We start at 8 a.m. on the center’s three-story tower. “Cooper’s hawk moving left across the bike trail,” someone says. Although these are common in the park, I always get goosebumps when one whooshes overhead, with heavy wingbeats and a nasal “keh-keh-keh” call. Then we descend, taking the same route each week. In addition to the usual suspects – chickadees, cardinals, nuthatches – we see or hear the occasional rarity: black-billed cuckoo, northern shrike, horned grebe. Once, we even saw an American bittern nestled in a tree; this was odd, because they’re usually found in marshes.
After the two-hour walk, we return to the Urban Ecology Center, count the species we’ve encountered and log them into a national database. This is called “citizen science.”
For me, the weekly walks are less about citizen science and more about a spiritual connection. They offer ritual, community and the sense of something greater than myself. At the end of one walk, we stopped at the bird banding station, where a bander held a brown creeper. From a distance, they look like just another “LBJ” (“little brown job,” in birder-speak). Seen up close, their feathers have an amazingly intricate pattern of white, tan and black. My mother used to say, “How could anyone not believe in God after seeing a pansy?” For years, I’ve doubted the existence of God. Thanks to the brown creeper, I’m revisiting that.

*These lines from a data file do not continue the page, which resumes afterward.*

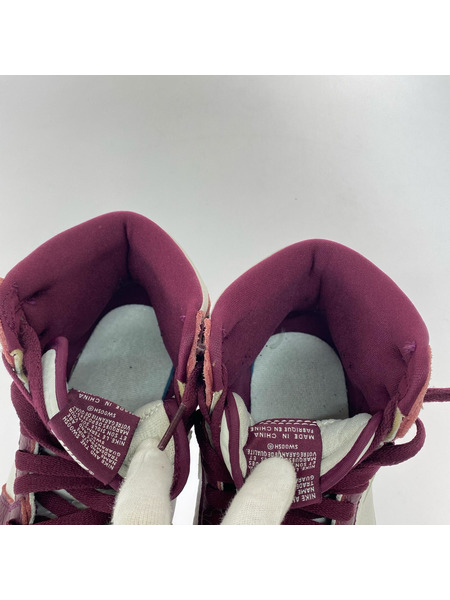 NIKE スニーカー Air Jordan 1 High OG (26.0)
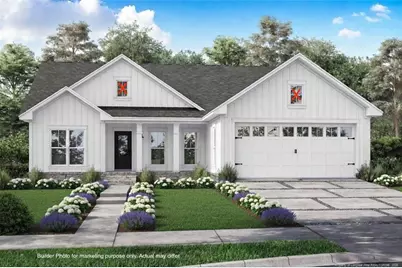 199 Libby Lane, Raeford, NC 28376 - Photo 1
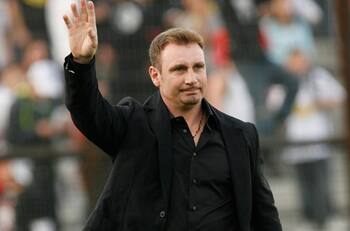 Barticciotto y el conflicto de Colo Colo: ”La negociación de los futbolistas fue poco inteligente”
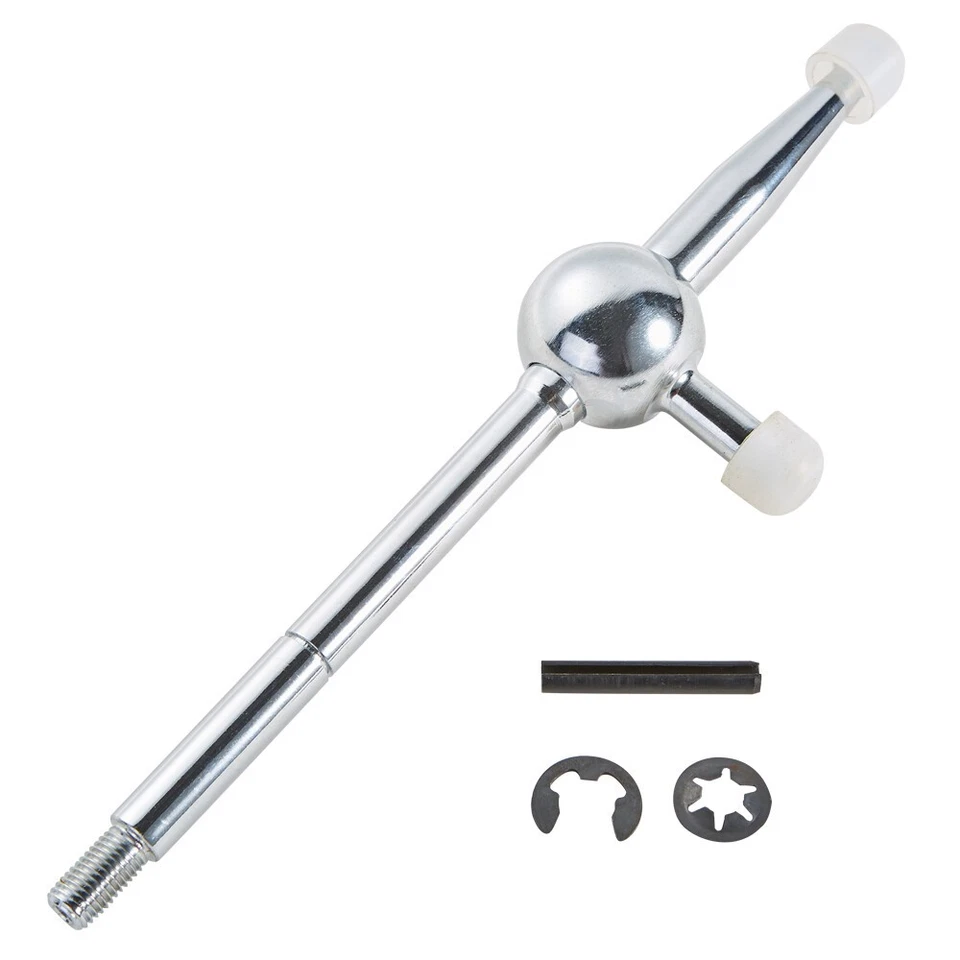 5-Speed Short Throw Shifter For 2001-09 Hyundai Tiburon Accent Manual/Standard Foto 3 de 4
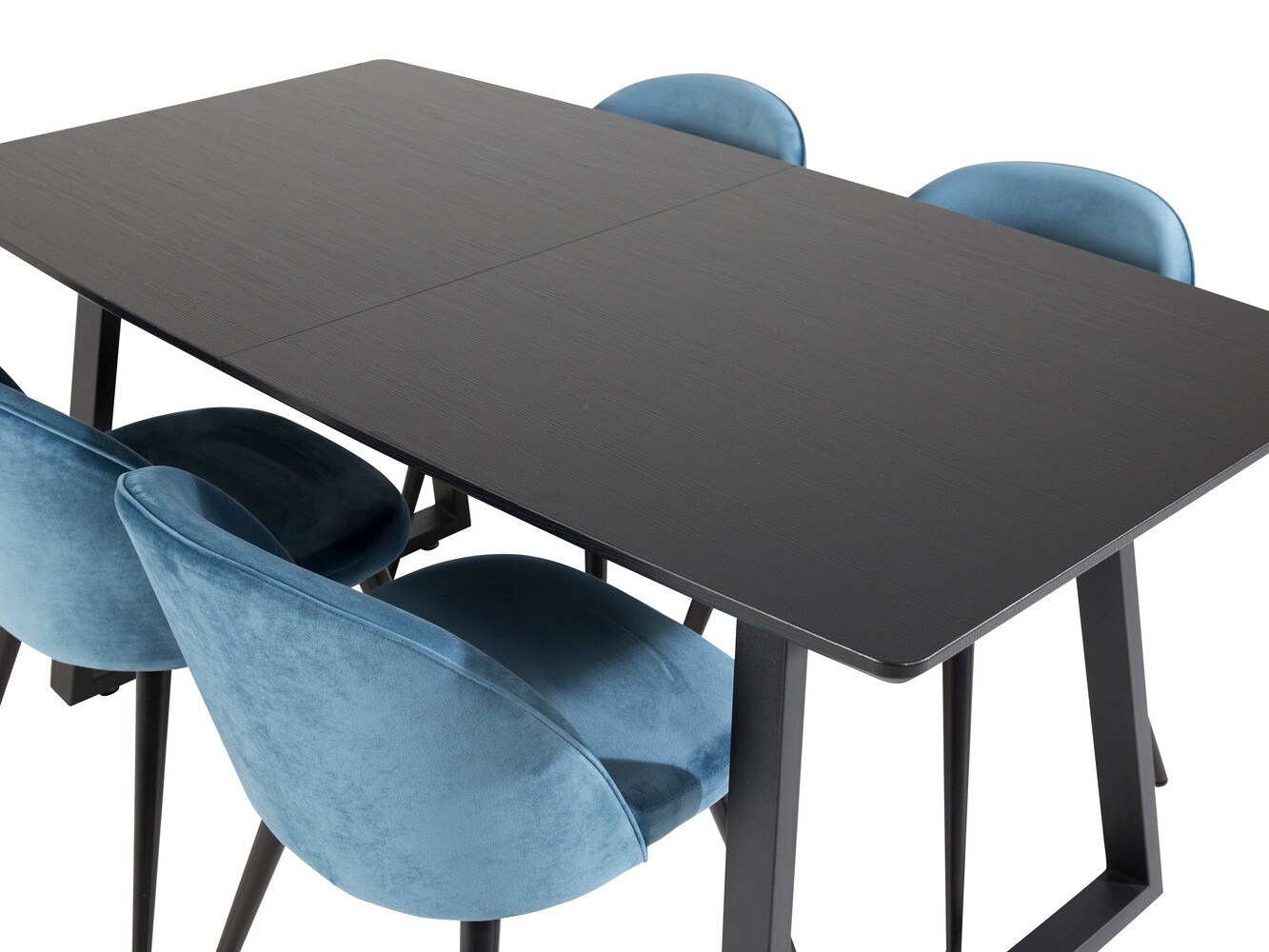 Borðstofusett Dallas 1609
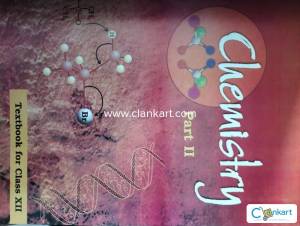 NCERT Class 12 Chemistry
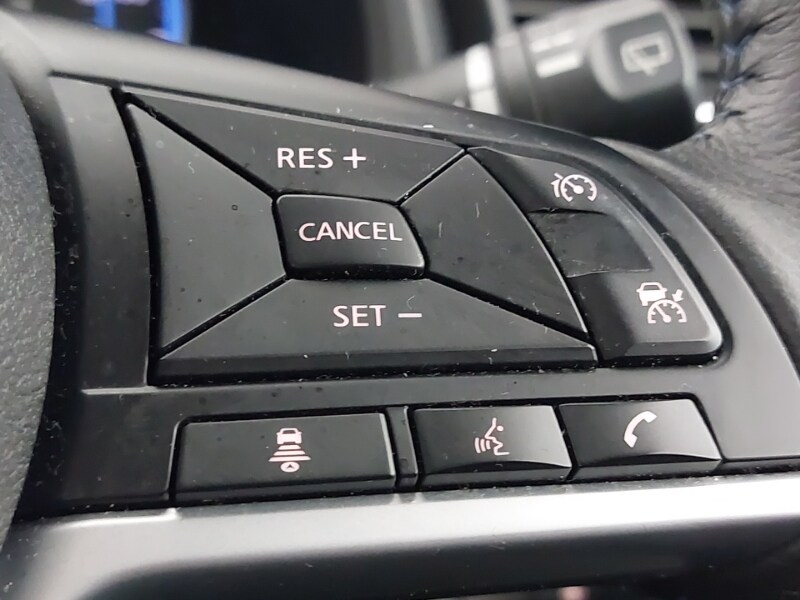 Used Nissan Leaf 2022 for sale - 77448488: Photo 16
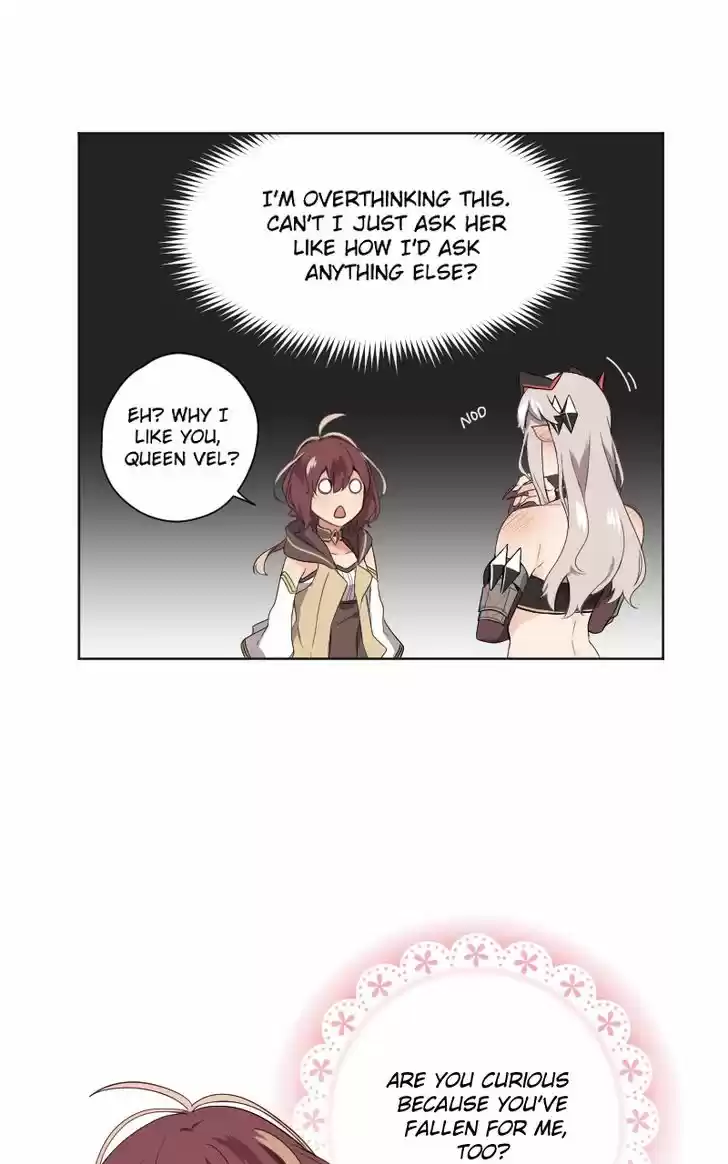 Mage & Demon Queen 18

I’m working hard to improve my ID skills. I read field guides, listen to recordings of calls and songs, attend lectures and workshops, and go on birding trips. As a result, I can now easily recognize what some people call “junk birds”: crows, starlings, house sparrows, mourning doves. I can also, squinting in good light, pick out great blue herons, rose-breasted grosbeaks and cedar waxwings, especially if they’re in breeding plumage.
Come spring migration, however, I’m back to square one. All those warblers! I pore over my tattered field guide. Yellow-rumped, sure – can’t miss that yellow rump. But magnolia? Tennessee? And the darn thrushes: hermit, gray-cheeked, Swainson’s. I sometimes despair of ever sorting them out.
Yet I keep trying. I remind myself that I won’t improve if I don’t show up. Rain, snow, sleet, hail, I’m there. We’ve birded in below-zero temperatures. Once, after a snowstorm dumped 6 inches, we did the walk on snowshoes.
Every correct ID is an aha! moment, and I have more of them every year.
My overachieving parents would be pleased.